That's just evil genius stuff right there.

------
nullc
The "evidence of fraud" is that the sum of all bitcoin deposits minus the sum
of withdraws is some 500k number, while the sum of balances is some 900k
number.

However, this is not evidence of fraud: The deposits and withdraws dump is
missing data, some older transactions are not in it. The same older
transactions appear differently in the from the export feature on the mtgox
site: instead of deposit/withdraw those records show just "in" or "out". I
assume those are records from some past version of the site software and are
just stored in another table.

------
polemic
A moot point by now, but publicly declaring a hack is a pretty good way of
making it harder to actually prove fraud. Any potential defence will go along
the lines of "hackers with malicious intent could have planted this evidence".

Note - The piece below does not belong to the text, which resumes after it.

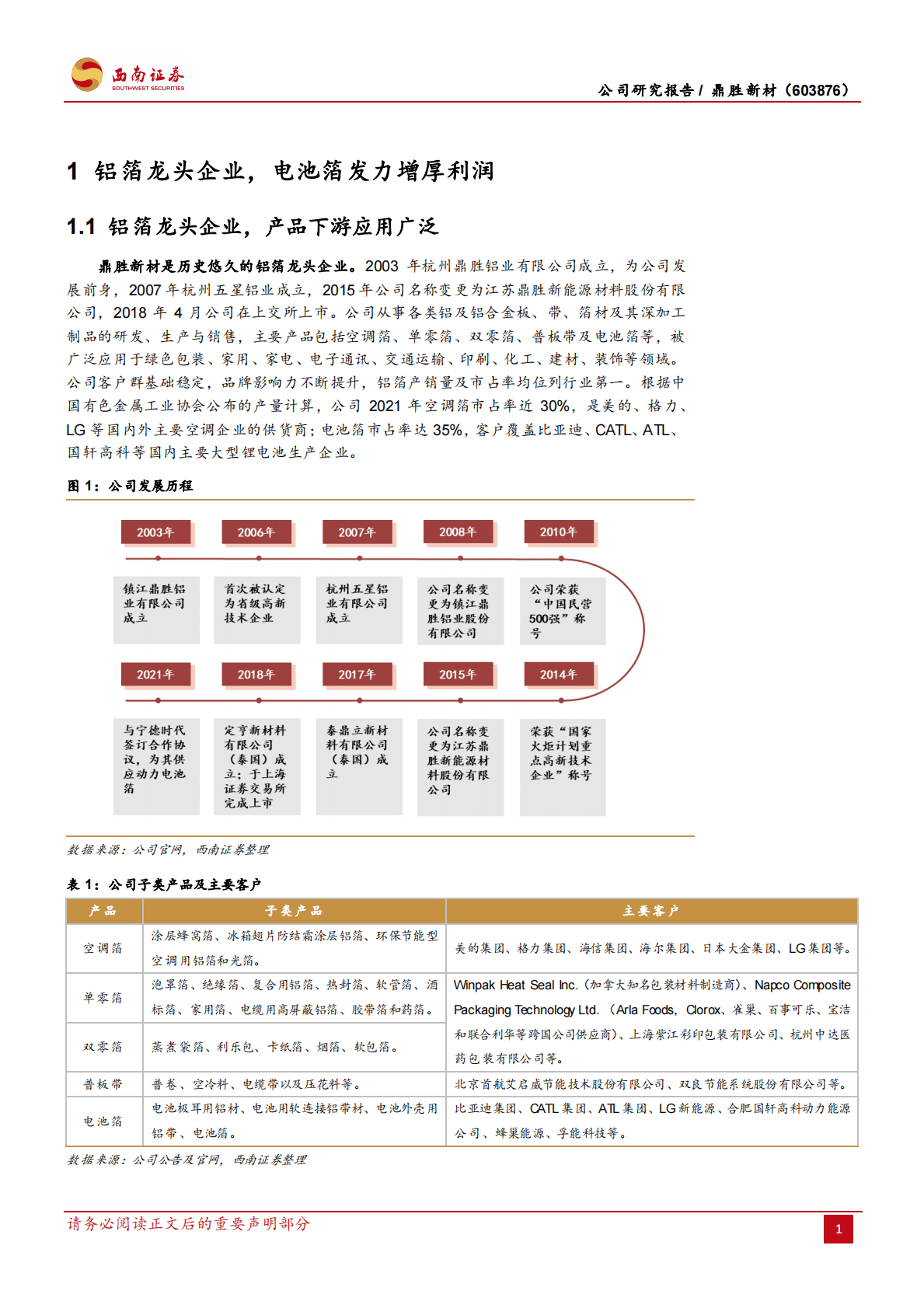 鼎胜新材：电池铝箔高景气，龙头企业优势凸显 第4页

At the minimum Gox should be considered criminally negligent, but "publishing
evidence of fraud" via hacking them isn't going to help bring legal action. I
realise, of course, that this might not be the aim here. :)

------
eliteraspberrie
Go straight to the article:
[https://www.readability.com/articles/3bukomx5](https://www.readability.com/articles/3bukomx5)

------
zacinbusiness
“It’s time that MTGOX got the bitcoin communities wrath instead of [the]
Bitcoin Community getting Goxed,”

Called it!

[https://news.ycombinator.com/item?id=7340567](https://news.ycombinator.com/item?id=7340567)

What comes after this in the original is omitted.